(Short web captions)
= = =

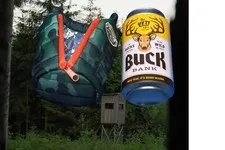 The YETI Buck Bank Secret Can  Money Coins Hide Valuables koozie deer hunting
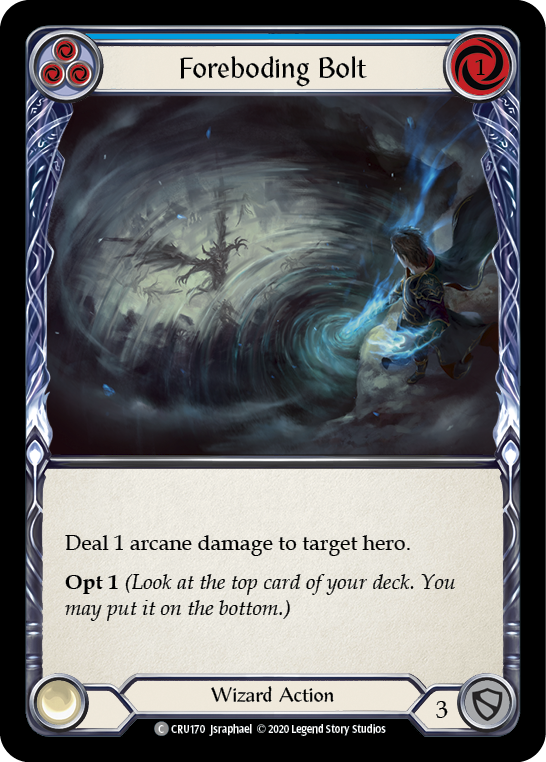 Foreboding Bolt (Blue) Rainbow Foil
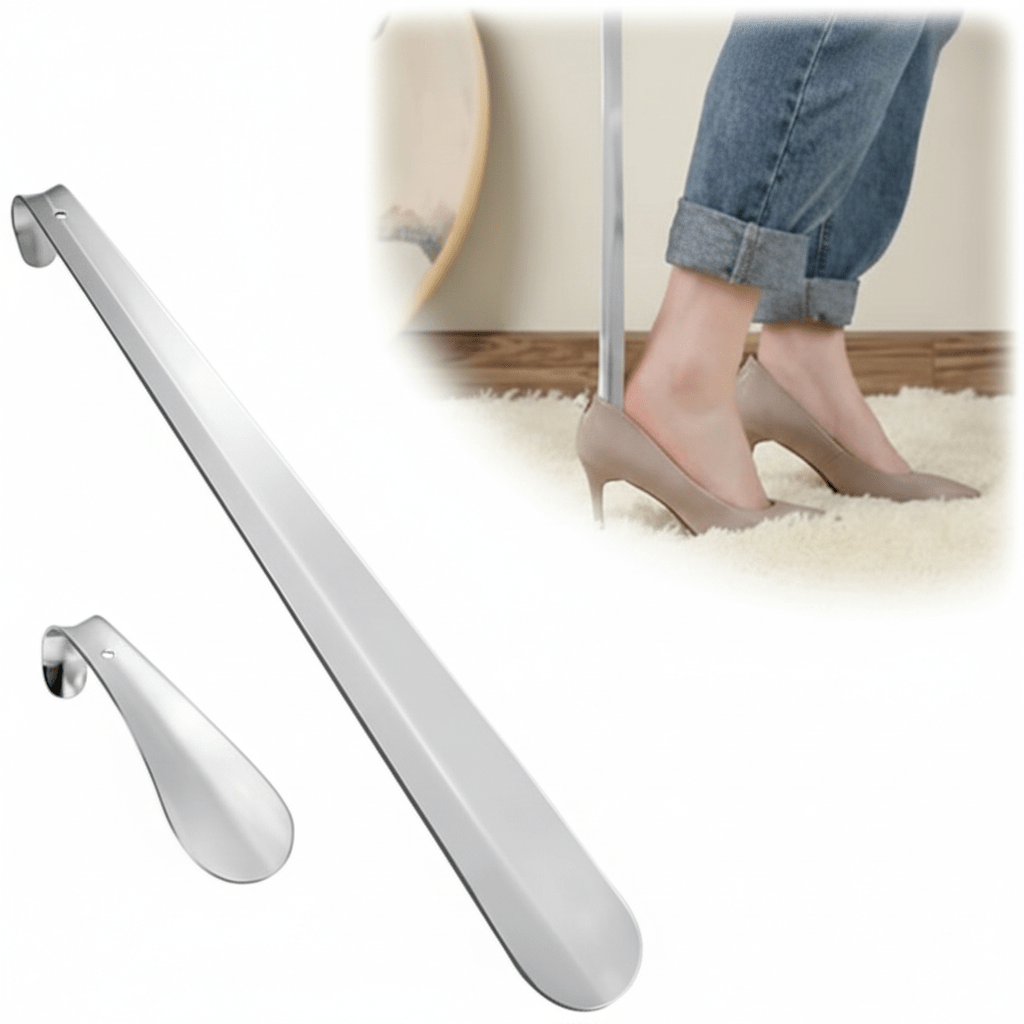 TEMU 2pcs Long-handled Metal Shoe Horn For Men And Women - Easy Boot Assistant With 16/58 Cm Length, , And Smooth Sliding Action - Perfect For Boots,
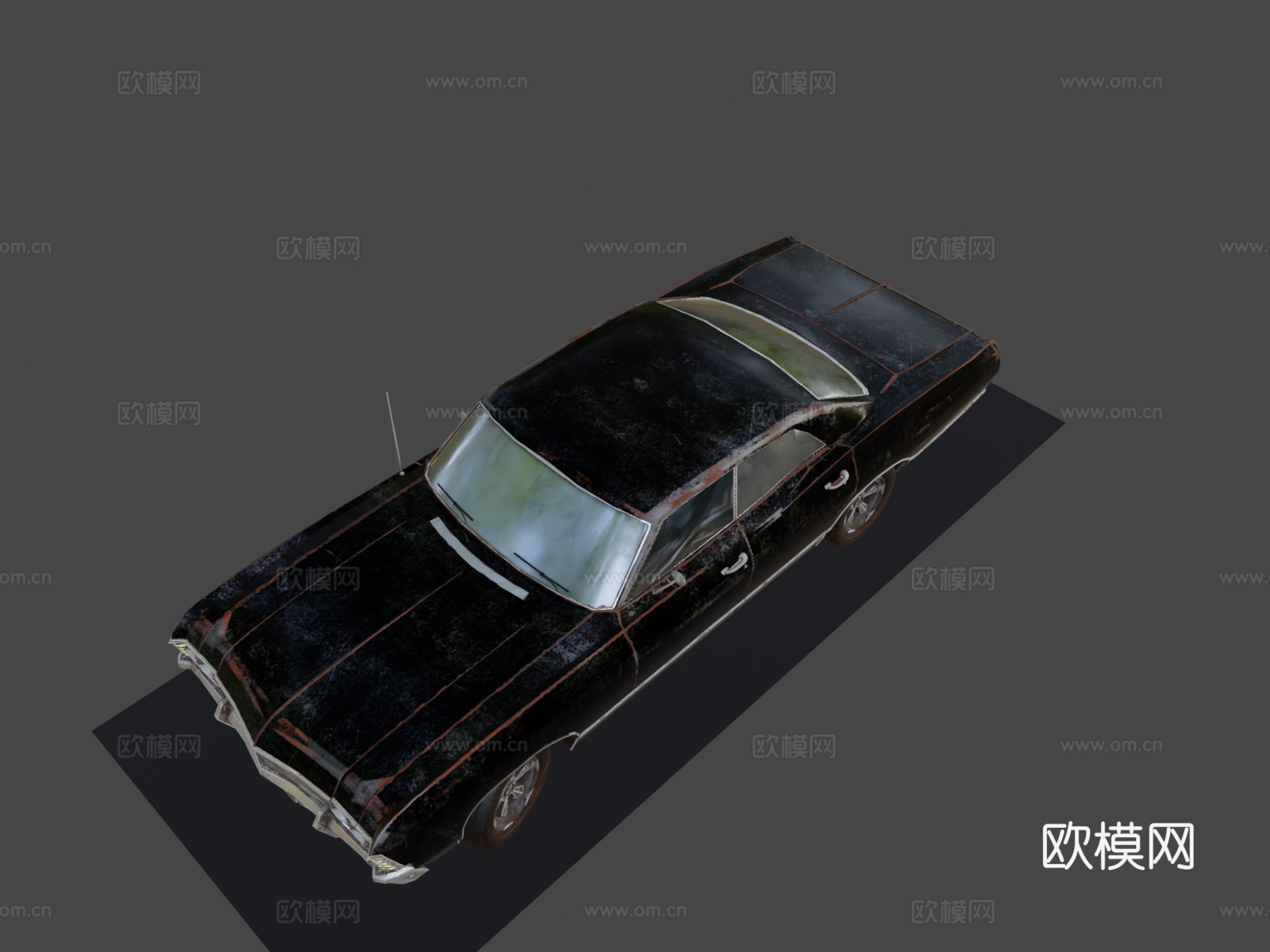 雪佛兰黑斑羚1967-超自然su模型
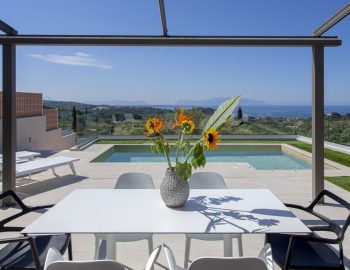 villa andromeda preveza monolithi greece outside sitting area with pool view cover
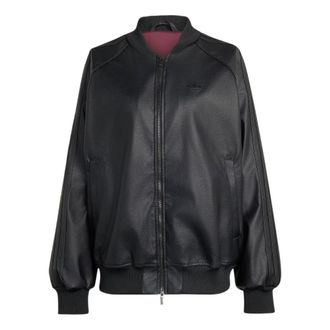 adidas (WMNS) adidas Prezer SST Oversized Track Top Asia Sizing Black KQ6435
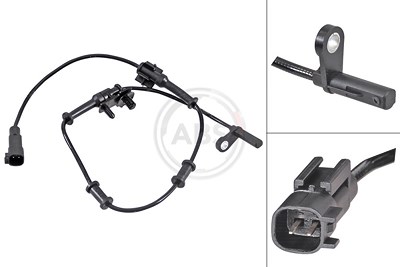 A.b.s. Sensor, Raddrehzahl [Hersteller-Nr. 31819] für Chrysler, Lancia von A.B.S.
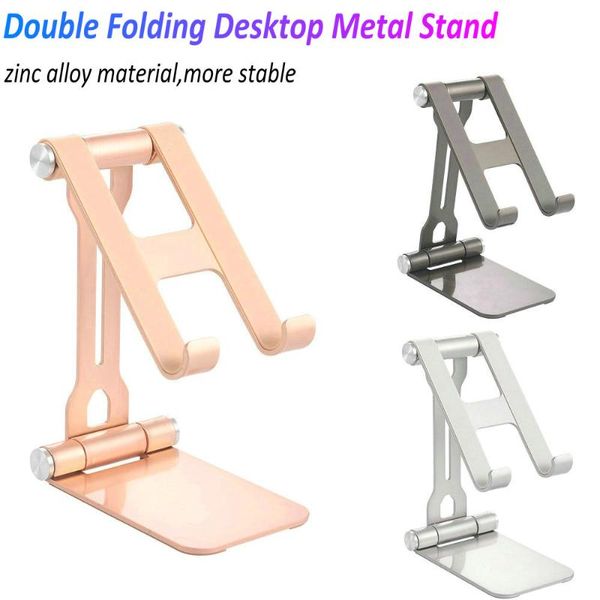 cell phone mounts & holders high grade double folding adjustable desk desktable holder for mobile tablet pc zinc alloy metal stand
cell phone mounts & holders high grade double folding adjustable desk desktable holder for mobile tablet pc zinc alloy metal stand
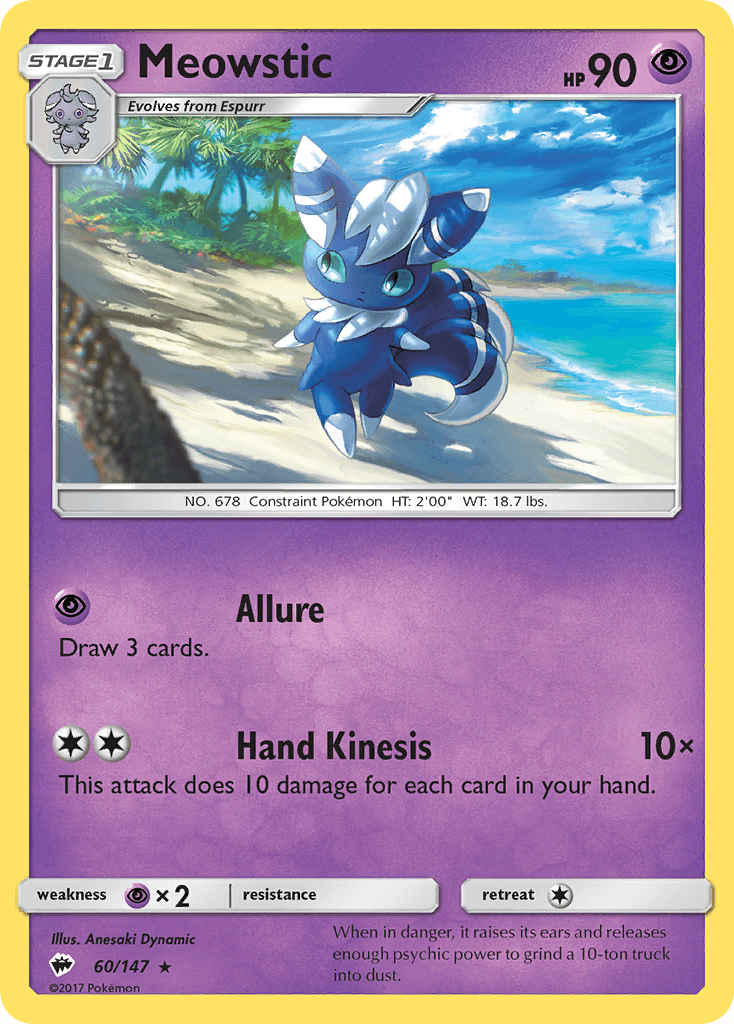 Meowstic, Burning Shadows 60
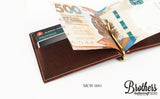 italy leather money clip 意大利牛皮錢夾銀包 MCW 0001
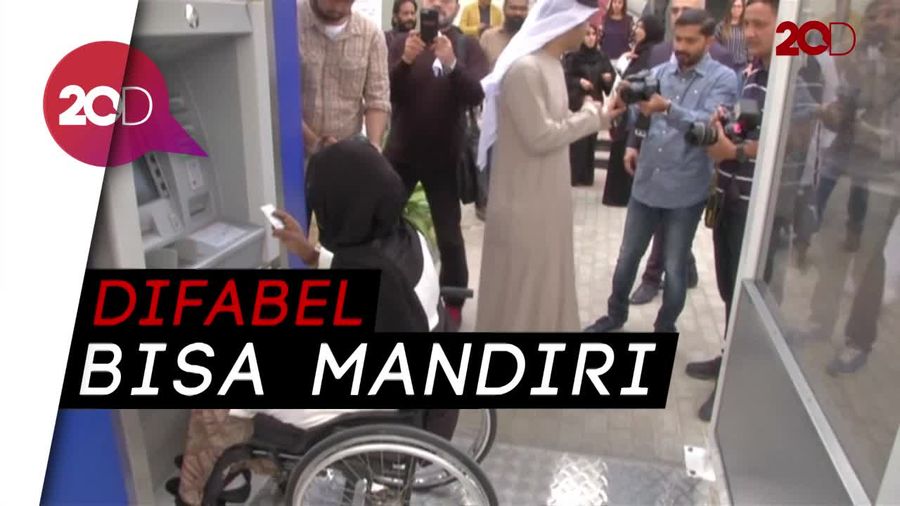 Keren! Ada ATM Ramah Penyandang Disabilitas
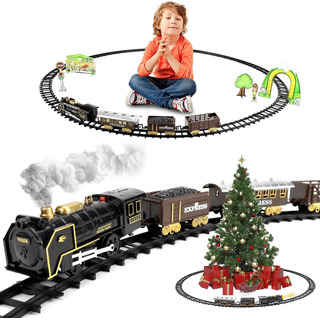 Tren Navideño Eléctrico Con Pista D Ferrocarril Luz Y Sonido Tren Navideño Eléctrico Con Pista D Ferrocarril Luz Y Sonido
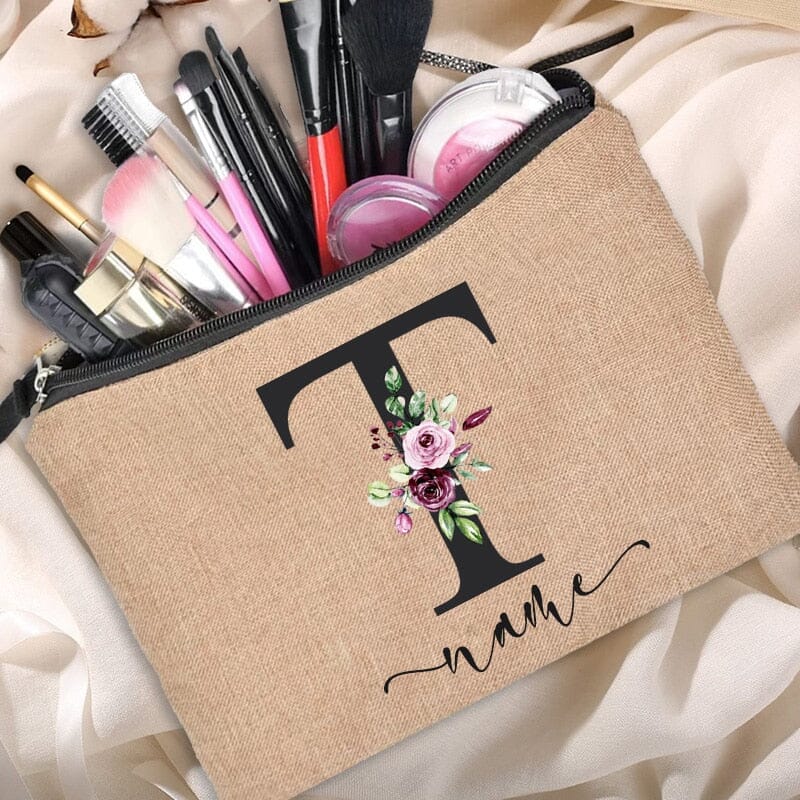 Trousse de Maquillage Personnalisée | MaquillaFleur T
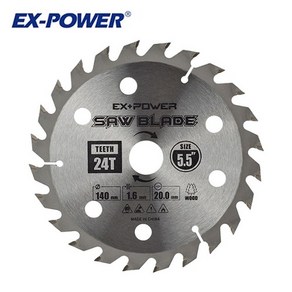 이엑스파워 톱날 팁쏘 팁소 24T 140x1.6mmx20mm 목재용 EXC-05024, 1개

= = =

* **PROBLEM TO SOLVE**
Please output every entry above exactly, without the pictures.

* **TASK RESPONSE**
 The YETI Buck Bank Secret Can  Money Coins Hide Valuables koozie deer hunting
 Foreboding Bolt (Blue) Rainbow Foil
 TEMU 2pcs Long-handled Metal Shoe Horn For Men And Women - Easy Boot Assistant With 16/58 Cm Length, , And Smooth Sliding Action - Perfect For Boots,
 雪佛兰黑斑羚1967-超自然su模型
 villa andromeda preveza monolithi greece outside sitting area with pool view cover
 adidas (WMNS) adidas Prezer SST Oversized Track Top Asia Sizing Black KQ6435
 A.b.s. Sensor, Raddrehzahl [Hersteller-Nr. 31819] für Chrysler, Lancia von A.B.S.
 cell phone mounts & holders high grade double folding adjustable desk desktable holder for mobile tablet pc zinc alloy metal stand
cell phone mounts & holders high grade double folding adjustable desk desktable holder for mobile tablet pc zinc alloy metal stand
 Meowstic, Burning Shadows 60
 italy leather money clip 意大利牛皮錢夾銀包 MCW 0001
 Keren! Ada ATM Ramah Penyandang Disabilitas
 Tren Navideño Eléctrico Con Pista D Ferrocarril Luz Y Sonido Tren Navideño Eléctrico Con Pista D Ferrocarril Luz Y Sonido
 Trousse de Maquillage Personnalisée | MaquillaFleur T
 이엑스파워 톱날 팁쏘 팁소 24T 140x1.6mmx20mm 목재용 EXC-05024, 1개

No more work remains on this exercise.